[Collected data entries]
[Start of Attachment]
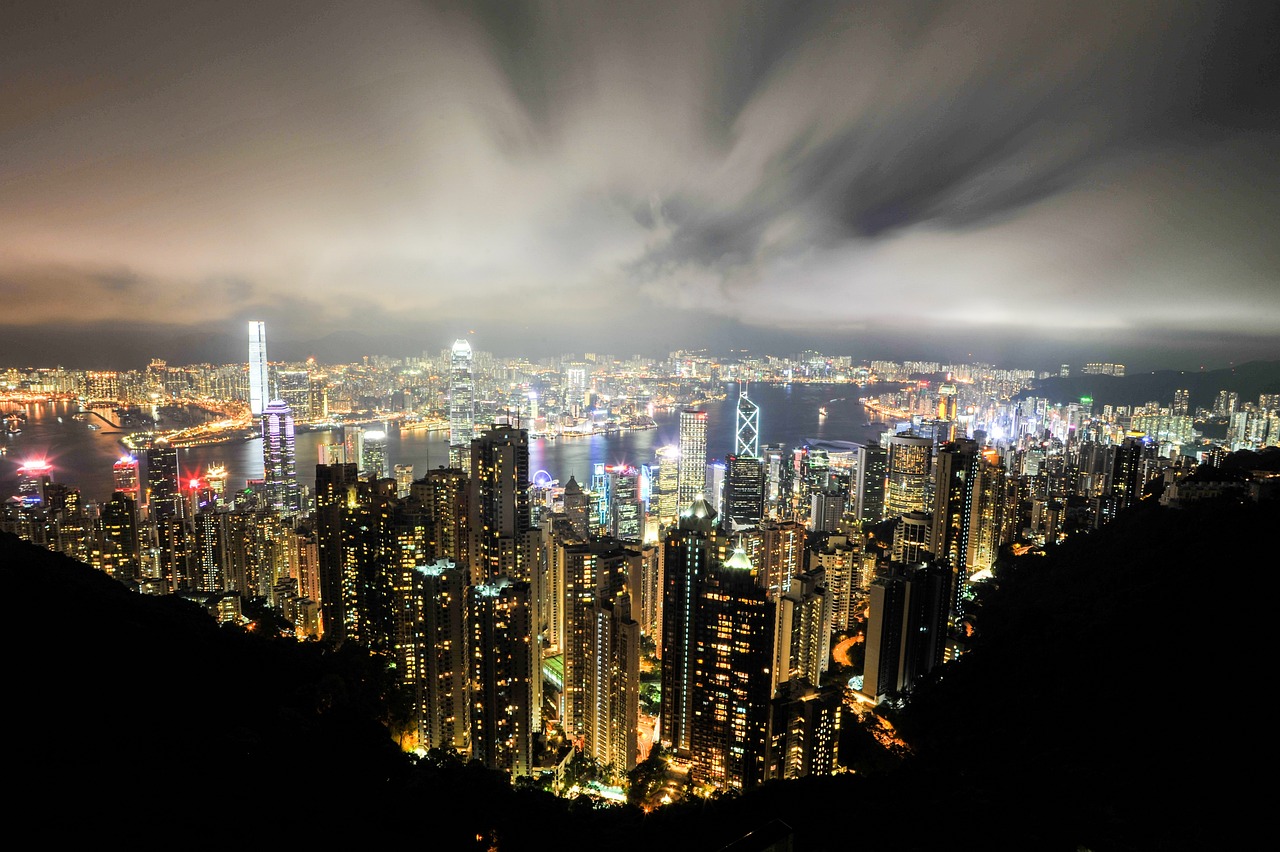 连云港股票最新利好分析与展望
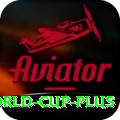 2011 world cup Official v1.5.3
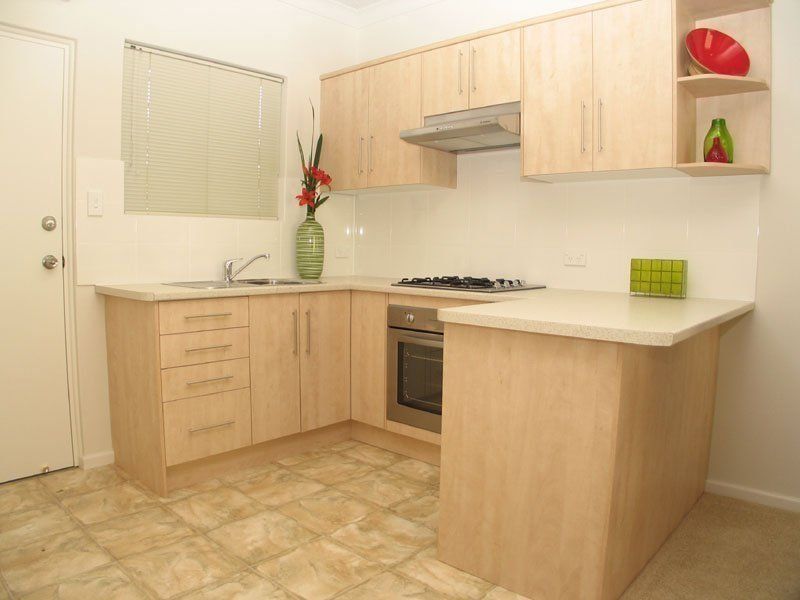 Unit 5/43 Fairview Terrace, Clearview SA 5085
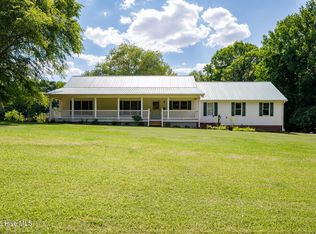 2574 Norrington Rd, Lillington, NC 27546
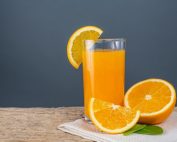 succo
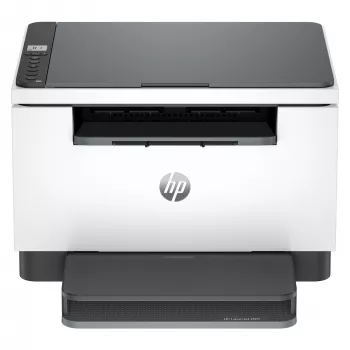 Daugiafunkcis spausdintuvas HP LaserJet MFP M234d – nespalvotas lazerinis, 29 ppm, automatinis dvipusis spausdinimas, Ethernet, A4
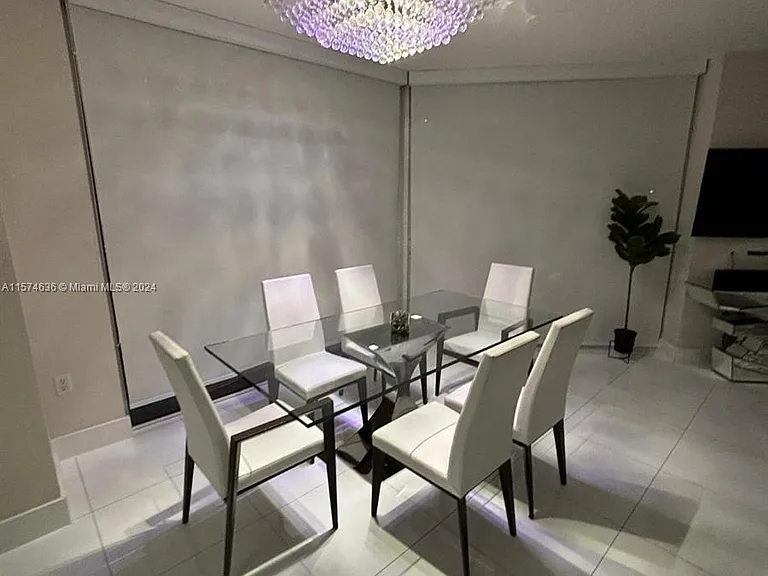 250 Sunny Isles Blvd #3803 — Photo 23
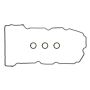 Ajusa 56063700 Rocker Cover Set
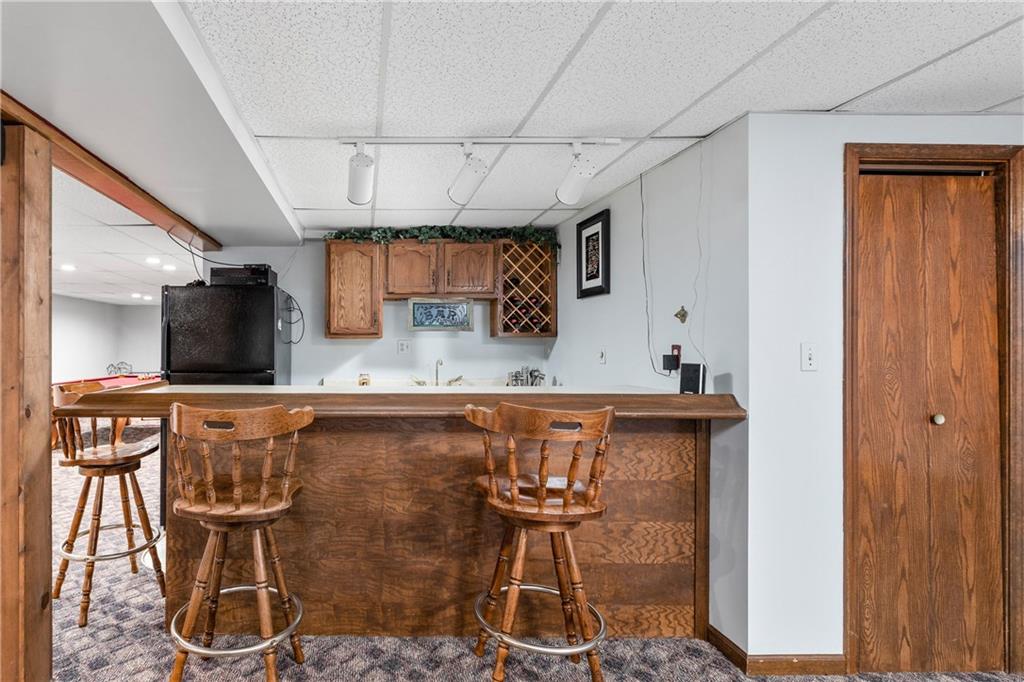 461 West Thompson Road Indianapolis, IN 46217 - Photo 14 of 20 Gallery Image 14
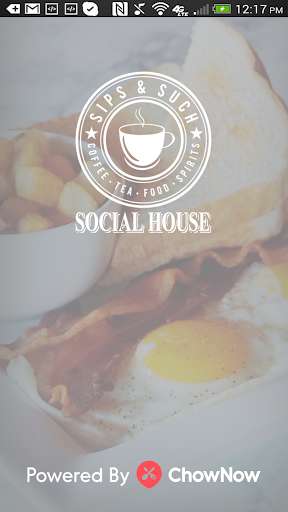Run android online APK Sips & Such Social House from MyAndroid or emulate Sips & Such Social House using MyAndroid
[End of Attachment]
- [Exercise prompt]
Reproduce the lines above exactly, image-free.

- [Exercise response]
 连云港股票最新利好分析与展望
 2011 world cup Official v1.5.3
 Unit 5/43 Fairview Terrace, Clearview SA 5085
 2574 Norrington Rd, Lillington, NC 27546
 succo
 Daugiafunkcis spausdintuvas HP LaserJet MFP M234d – nespalvotas lazerinis, 29 ppm, automatinis dvipusis spausdinimas, Ethernet, A4
 250 Sunny Isles Blvd #3803 — Photo 23
 Ajusa 56063700 Rocker Cover Set
 461 West Thompson Road Indianapolis, IN 46217 - Photo 14 of 20 Gallery Image 14
Run android online APK Sips & Such Social House from MyAndroid or emulate Sips & Such Social House using MyAndroid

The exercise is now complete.